Leek and goats’ cheese omelette
publication date: Apr 2, 2012
author/source: Fiona Beckett
An upmarket version of a cheese omelette, this simple and delicious recipe makes a lovely light lunch or supper dish.
Time: 10-12 minutes
Cost: about £1.50 a head
1 large leek or 2 medium leeks
100g goats cheese from a log
4 large or 5 medium fresh eggs, preferably free-range
1 tbsp light olive oil or other cooking oil
Salt and pepper
Cut half the green tops off the leeks removing any coarse outside leaves and slice any roots off the base. Cut into slices and wash thoroughly under cold running water. Cut any rind off the cheese and crumble it onto a plate. Break the eggs and whisk them together in a bowl. Season them with salt and pepper.

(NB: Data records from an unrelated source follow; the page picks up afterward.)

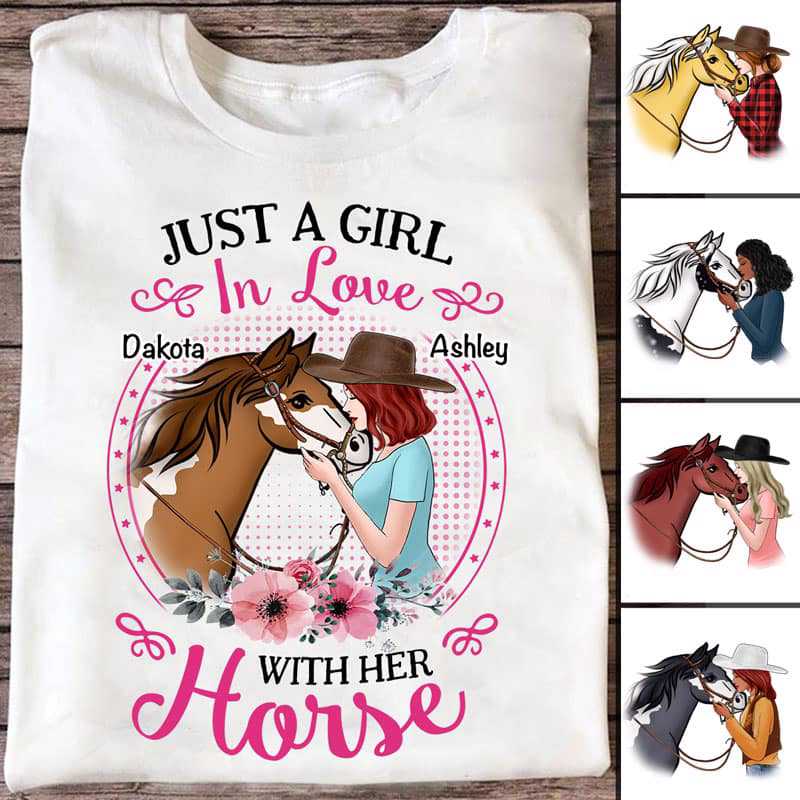 Girl In Love With Her Horse ライトカラー パーソナライズドシャツ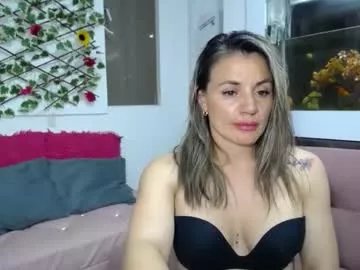 sweetfantasyy69 on Chaturbate 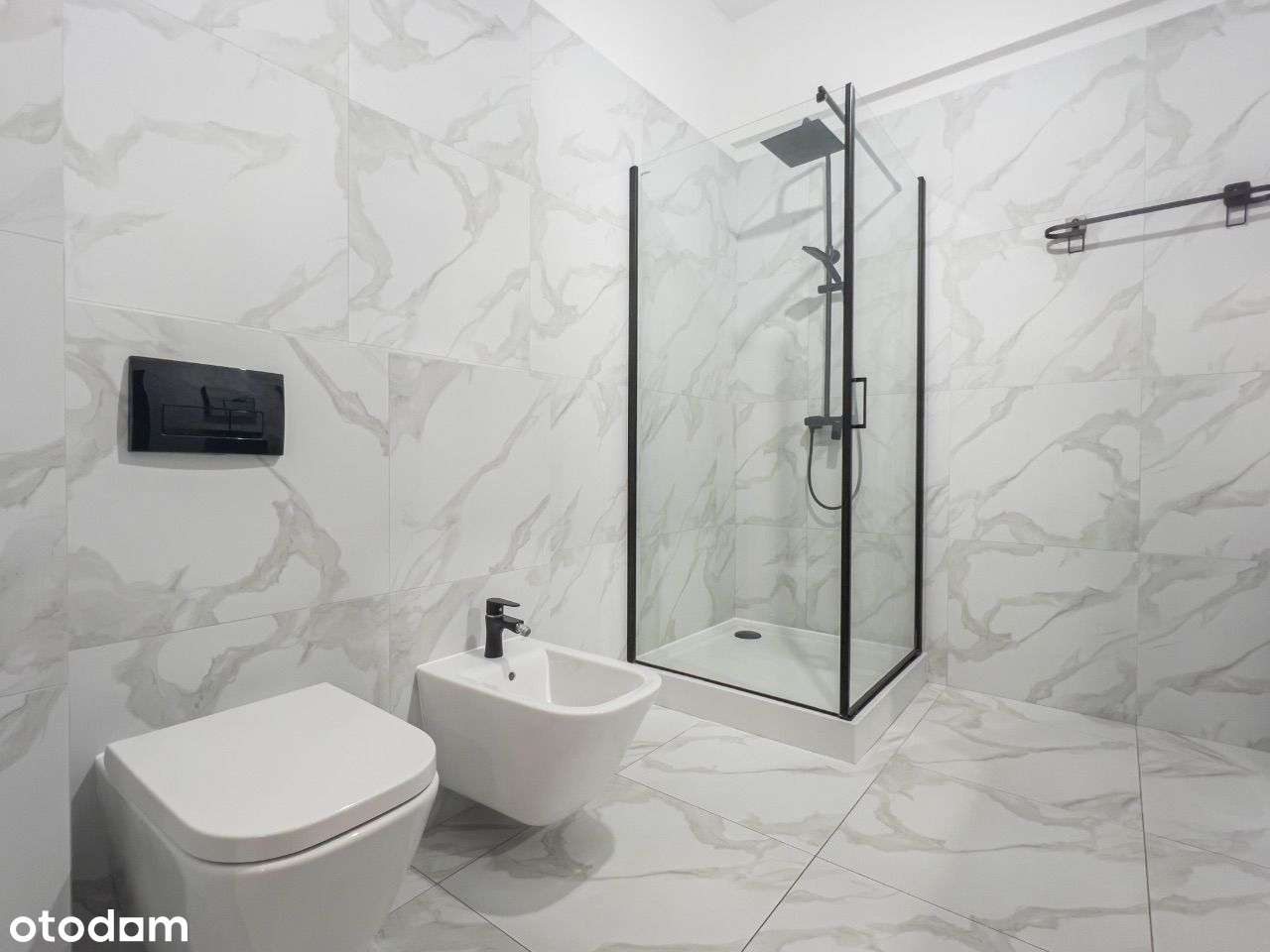 Nowy apartament z 2 Sypialniami Przy Deptaku-15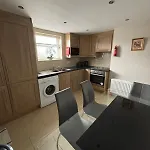 Apartment North Road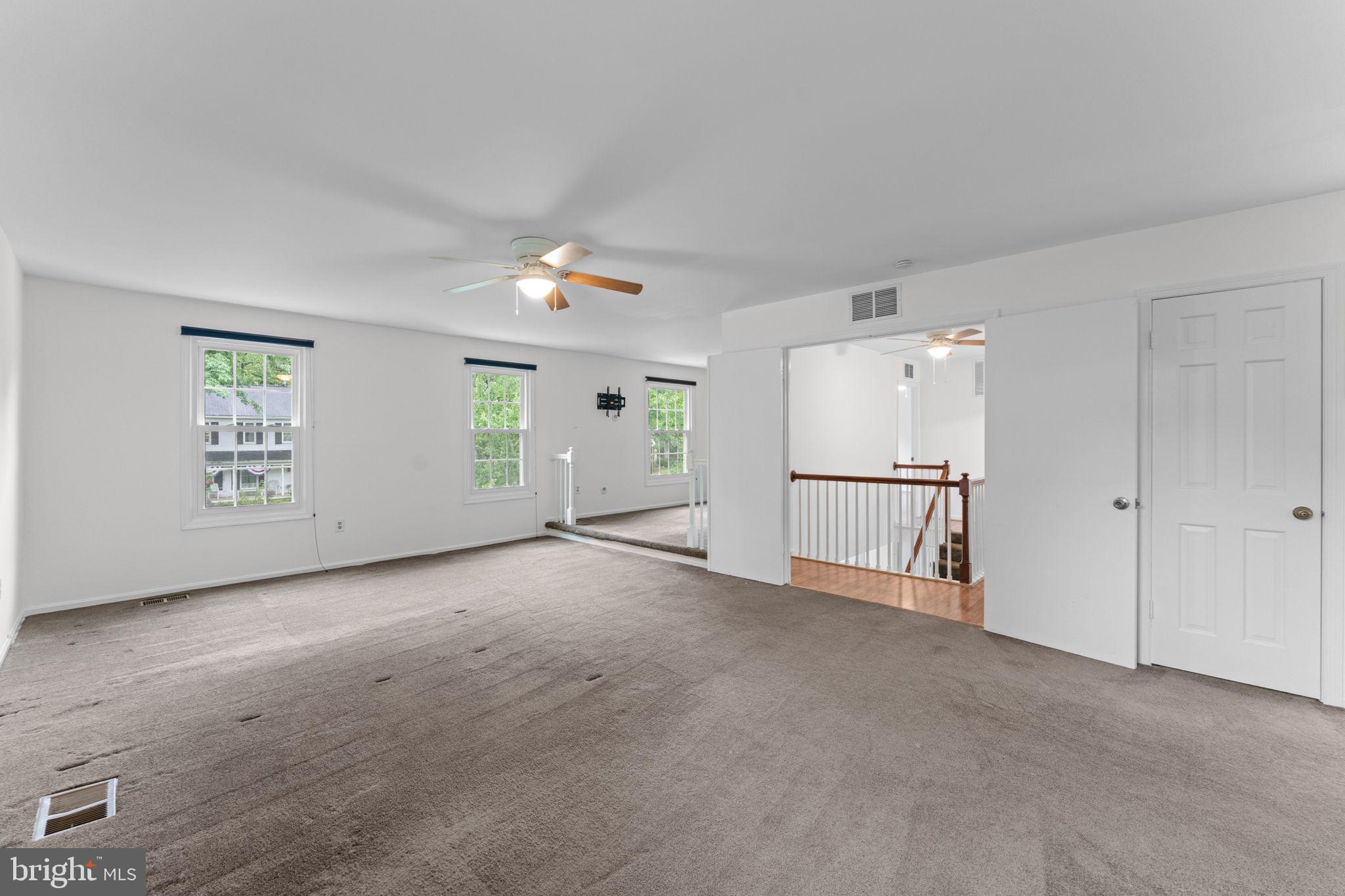 TANTALLON ON THE POTOMAC - Residential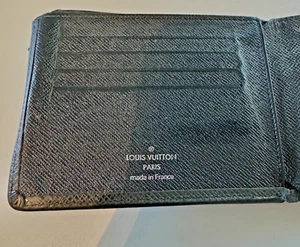 Louis Vuitton Herren Portemonnaie Taiga Leder, Münzfach, schwarz, gepflegt - Bild 1 von 5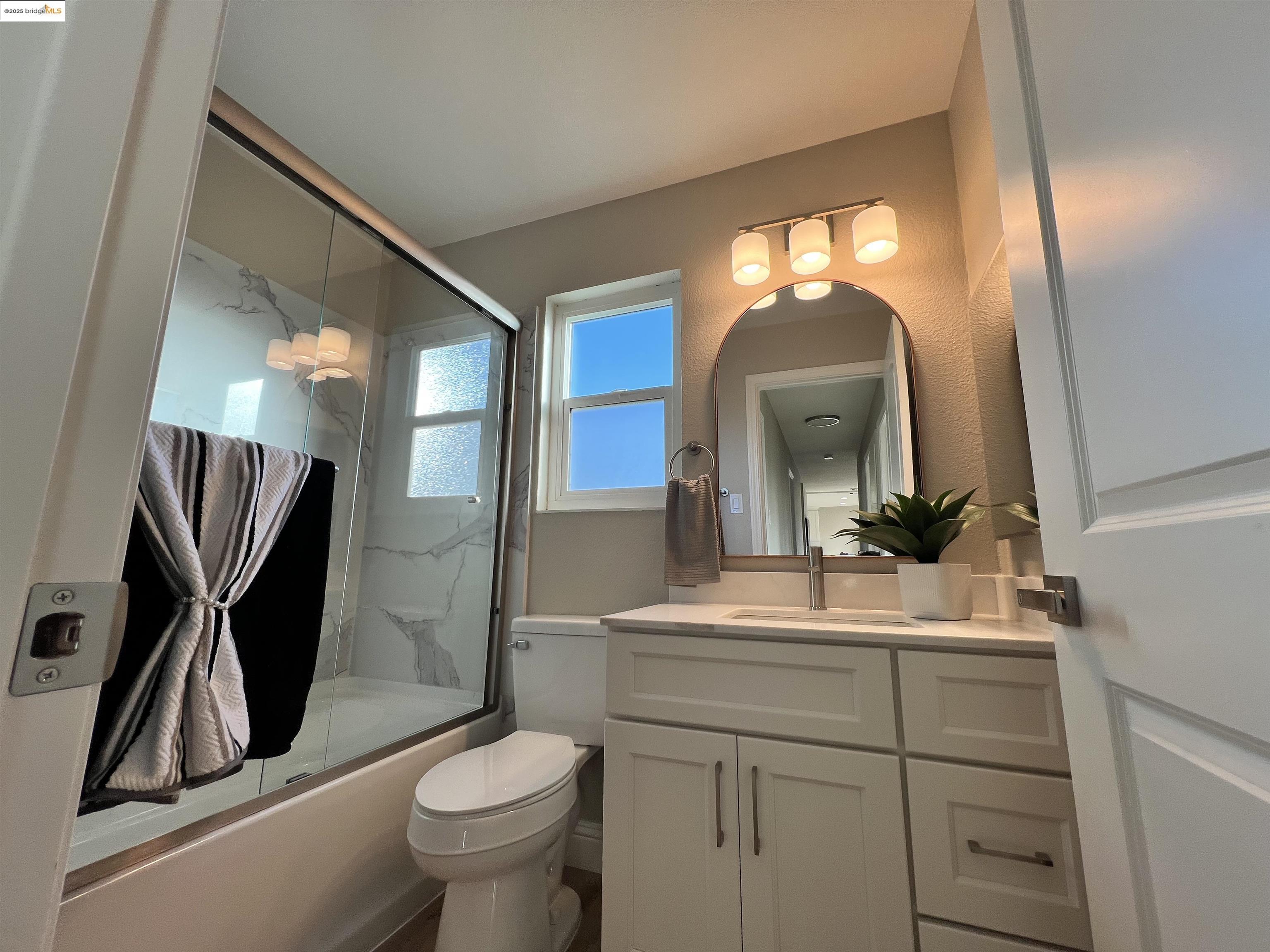 Detail Gallery Image 8 of 15 For 2796 Entrada Cir, Antioch,  CA 94509 - 4 Beds | 2 Baths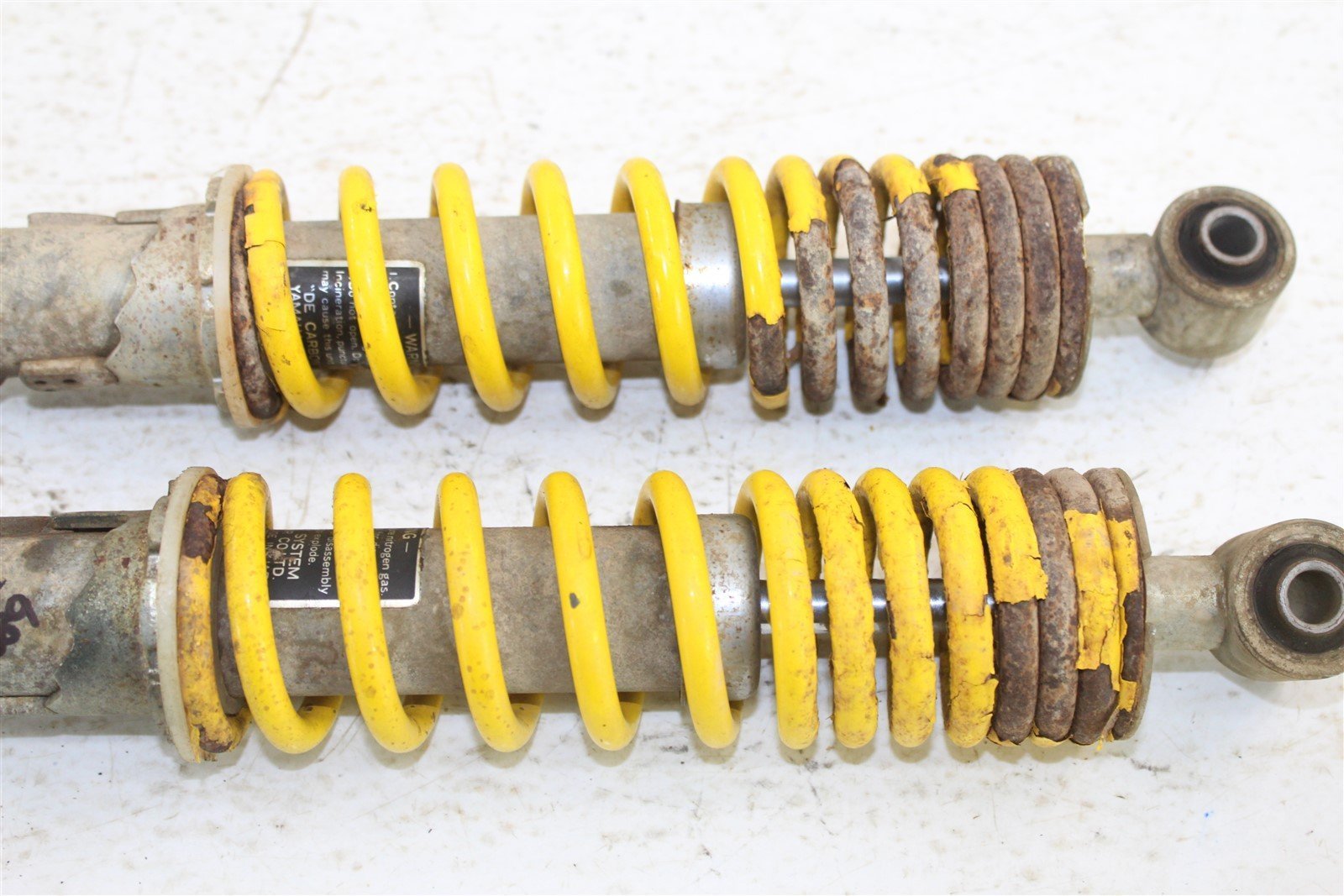 1986 Yamaha Moto-4 225 Rear Shocks Spring Absorber Left Right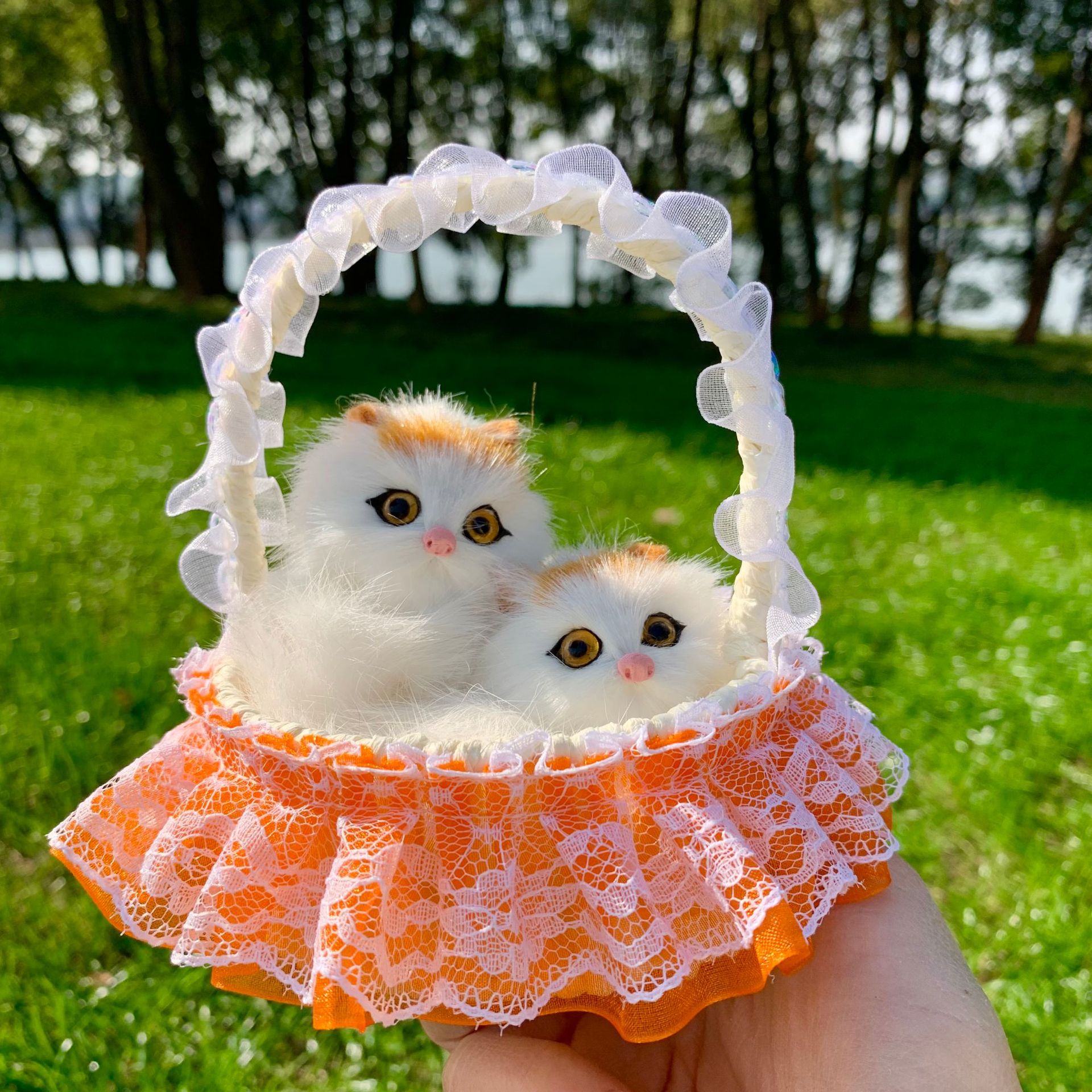 Panier en dentelle orange mère et enfant chat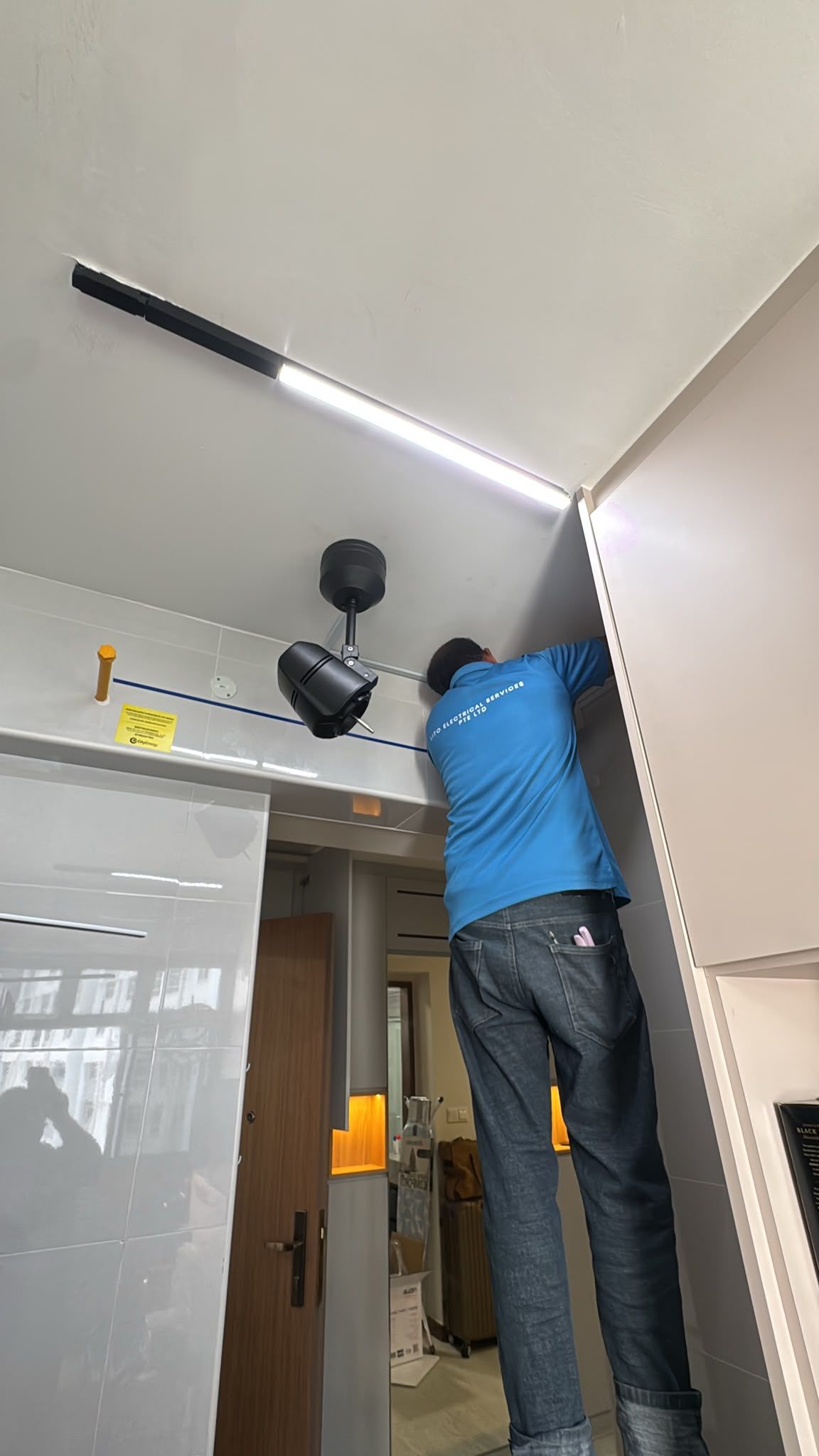 Lito electrical technician install and lights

Heat a large frying pan, add the oil, heat a few seconds then add the butter. Once the foaming dies down, add the leeks and stir fry them for about 4 minutes until they are soft but not coloured.
Tip in the beaten egg, making sure it covers the base of the pan. Lift the omelette at the edges with a fork to allow the liquid egg to run underneath. Once most of the egg has solidified scatter over the goat’s cheese. Allow the omelette to cook a further minute then fold it over and divide it in two
* You can make this for one and serve the second portion cold the next day with a salad or stuffed into a wholemeal pitta bread
* Add a couple of spoonfuls of finely chopped parsley if you have some.